One Hundred and Ten Days
From: The Woman with a Cubed Head, New Issues Press, 1998.
Last Modified: March 15, 2004
Under this roof of rectangular things: the motorized bed;
electrical outlets; metallic I.V. machines, clicking
And humming-the only things oddly shaped are the people
In the angled-up beds and the round hanging bags
of chemotherapy. The bed-riding person must push
A red button for a nurse to come: Nurse, I can't breathe.
Nurse, I have anger. Nurse, let me die. In the bathroom,
where urine is carefully measured, a beaded string
can be pulled for help, the spaced plastic beads like a cheap
childhood rosary. There'd be surprisingly little to watch
from the sky. Nurses run in and out. Patients are patient
Or not. Doctors are caring or not (even their hello's
cost seventy-five dollars.) The hallways are oval,
like a high school track. The nurses go on rounds
And wake you with anti-fungal mouth medications,
racks of test tubes and blood pressure cuffs.
The thermometer beeps when it decides your temperature.
You never get used to the way veins constrict
during pressure checks; never get used to the endless line
of needles: blood oxygen pricks on hands, I.V.'s inserted
into arm and chest, blood drawings inside elbows,
huge bone marrow needles in the hip bones.
(you say next time you stick that stake in me,
damn well make sure I'm unconscious.) You might as well
be an appliance plugged to the wall, each five days
of chemotherapy. Move, and alarms go off. Unplug yourself;
alarms go off. The chemotherapy drips, clicks, hums
into veins. The anti-nauseas fog you up.
You flip the T.V. channels: try to focus on Star Trek,
Barney, Regis and Kathy Lee, then use your hospital tray
for a desk, writing valentines, wedding thank you's,
Christmas cards, on drugs. You recopy your address book,
grade your students' class work, on drugs. Everyone gets an A.
Thirty days in the bone marrow unit and you never leave
the room.

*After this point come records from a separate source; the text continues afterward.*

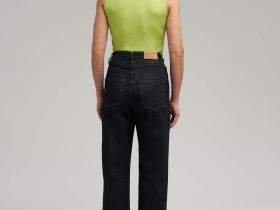 Вязаная майка прилегающего кроя с хлопком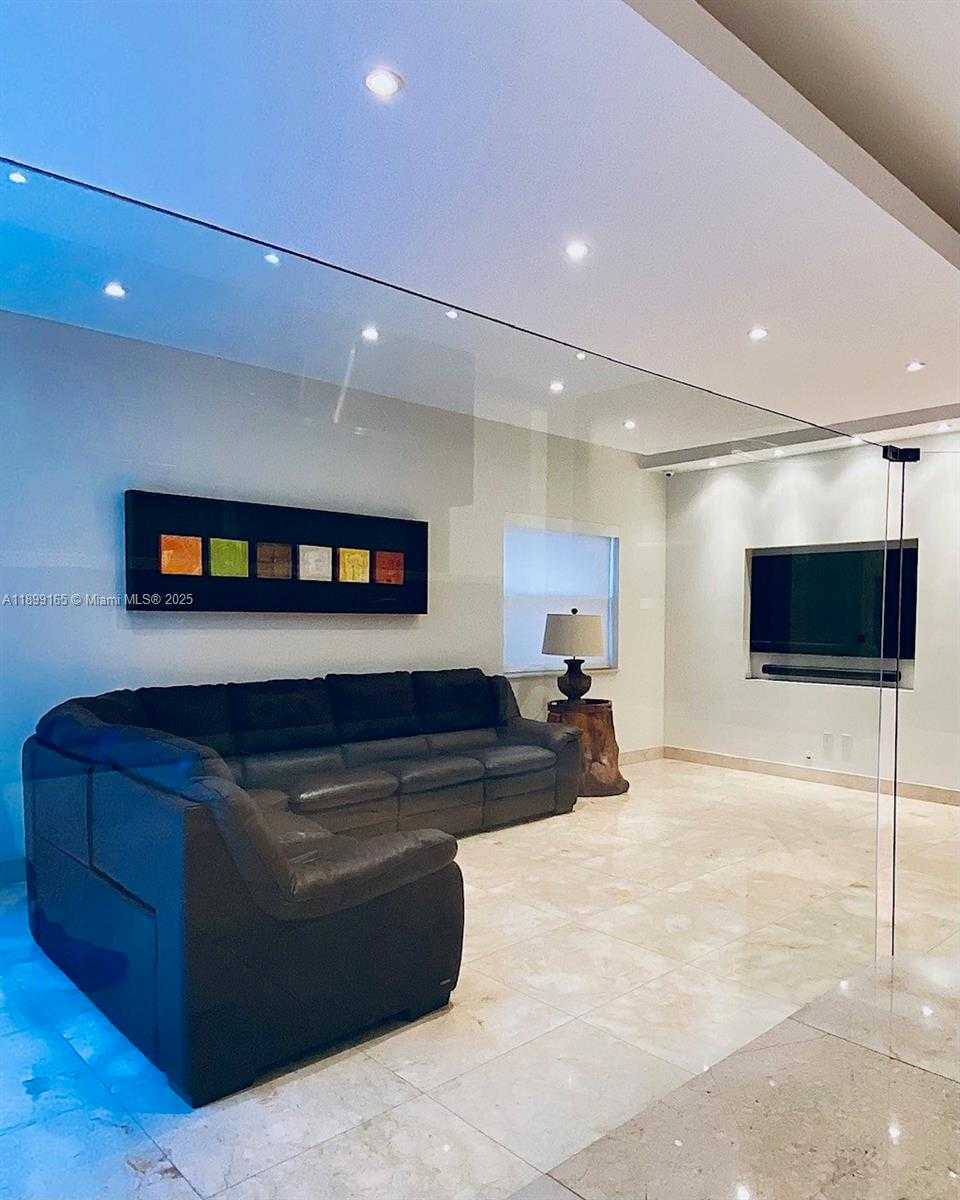 Small Image of 5926 NORTH WEST 110TH CT, Doral Number 17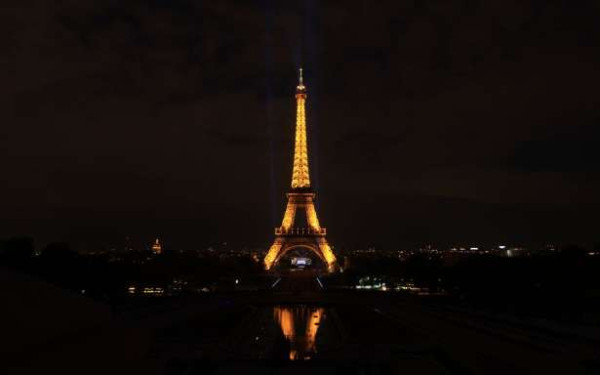 செப்டம்பர் 22 - ஈஃபிள் கோபுரத்தின் விளக்குகள் அணைகிறதா??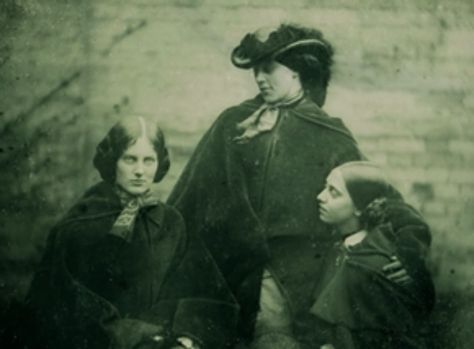 Only known photograph of the Brontë sisters (from left: Charlotte, Emily and Anne). Anne Bronte, Bronte Sisters, Antony Gormley, Emily Bronte, Charlotte Bronte, Sister Photos, Women Writers, Jane Eyre, Famous Authors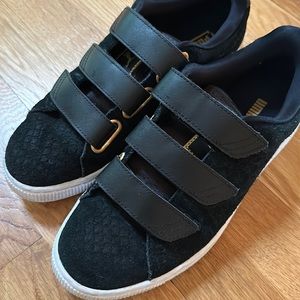 Puma Black Suede Casual Sneaker size 8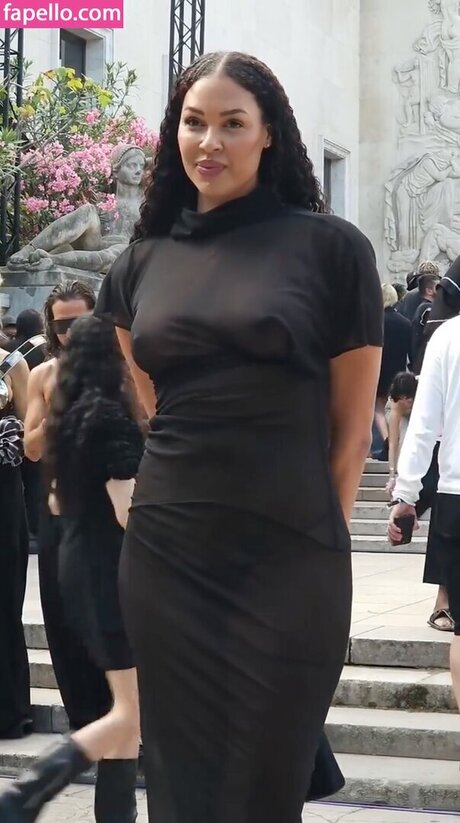 Liz Cambage sex pornstar photo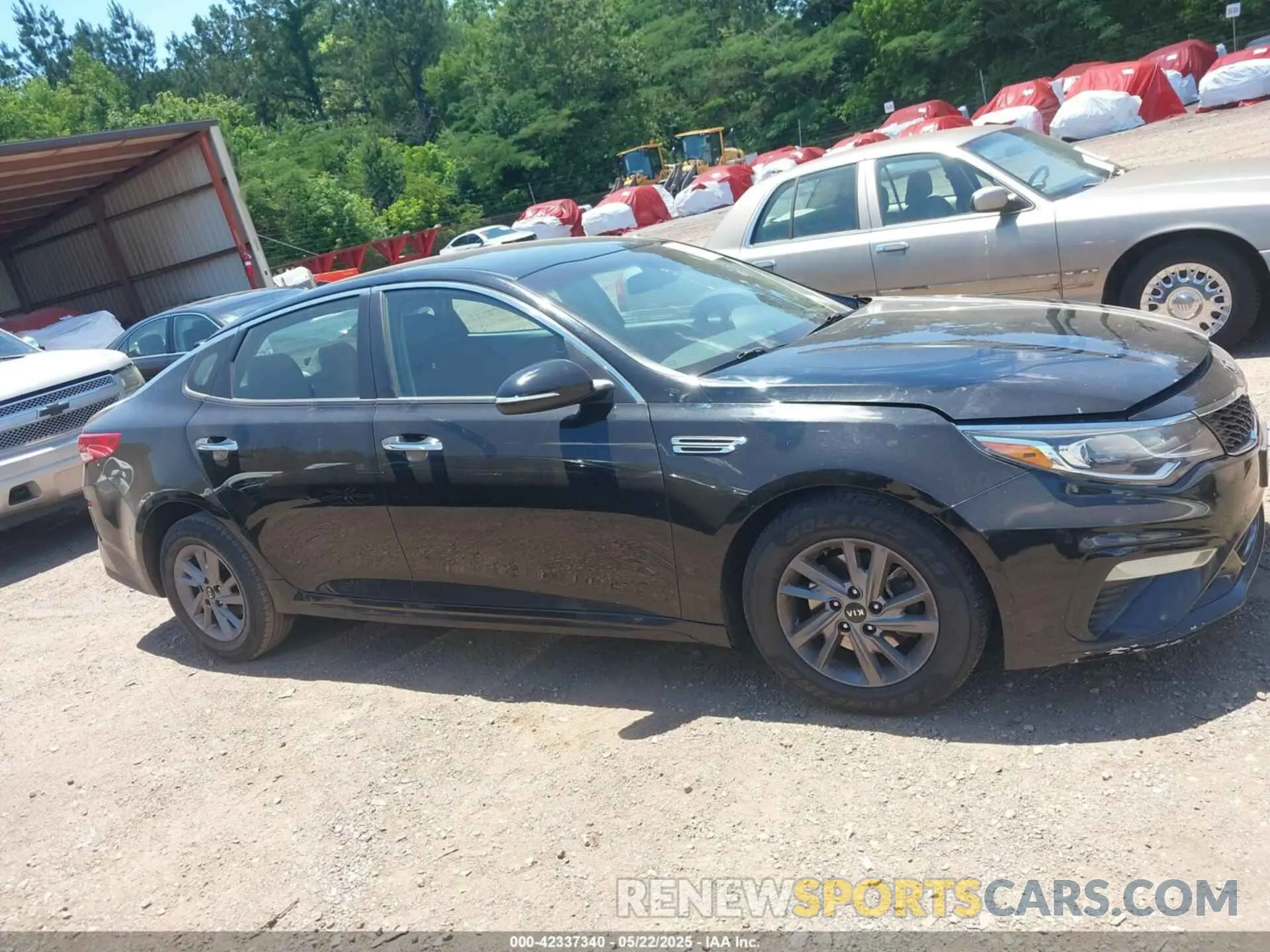 13 Photograph of a damaged car 5XXGT4L3XLG397383 KIA OPTIMA 2020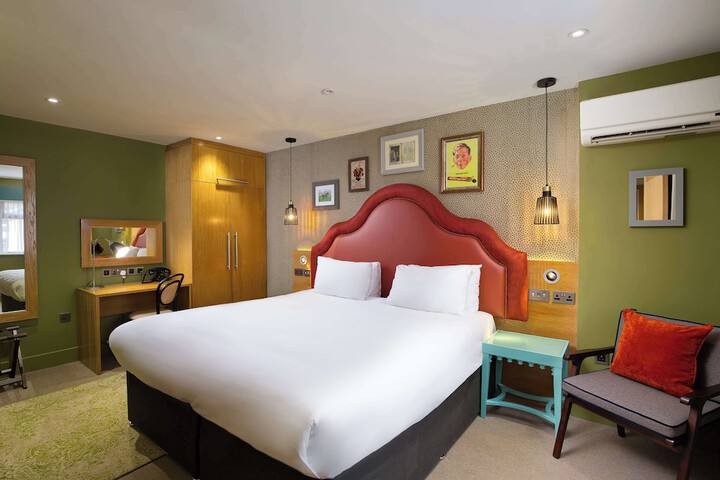 Room 46 of 109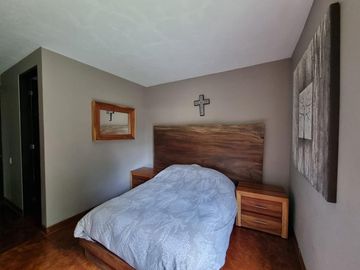 MODERNA CASA EN VENTA, AVANDARO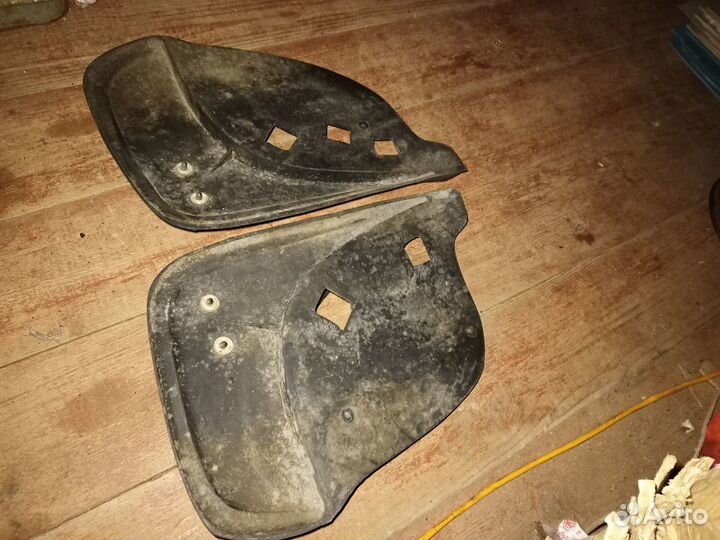 Оригинальные брызговики Mitsubishi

You think of Madeline who studied the crack
in her hospital ceiling, the one that looked like a rabbit;
play with the blue paper mask the cleaning girl gives you
when she comes in. You turn the mask into a tent, a bedpan,
A bow tie, a bonnet, a moth, a kidney. You start to order
plain mashed potatoes and cream of wheat for meals.
You could easily starve yourself; put a photo of your family
by the bed. Once a day, the nurse unhooks you
From the I.V. to shower, covers your chest with plastic wrap,
then leaves. You always take longer than you need
in the water-stay under its pulse; rinse off the strange
chemical smells you emit. And after you step out,
drying slowly, and peeling the plastic from under arm
and over nipple, you try to cover the hospital's smell
with baby powder, change to a fresh blue gown.
You could walk to the bed, call the nurse, say, I'm ready
To be re-hooked now, but never do. There are whole minutes
when you keep the closed door and walk to every corner
Of the room, not connected to anything.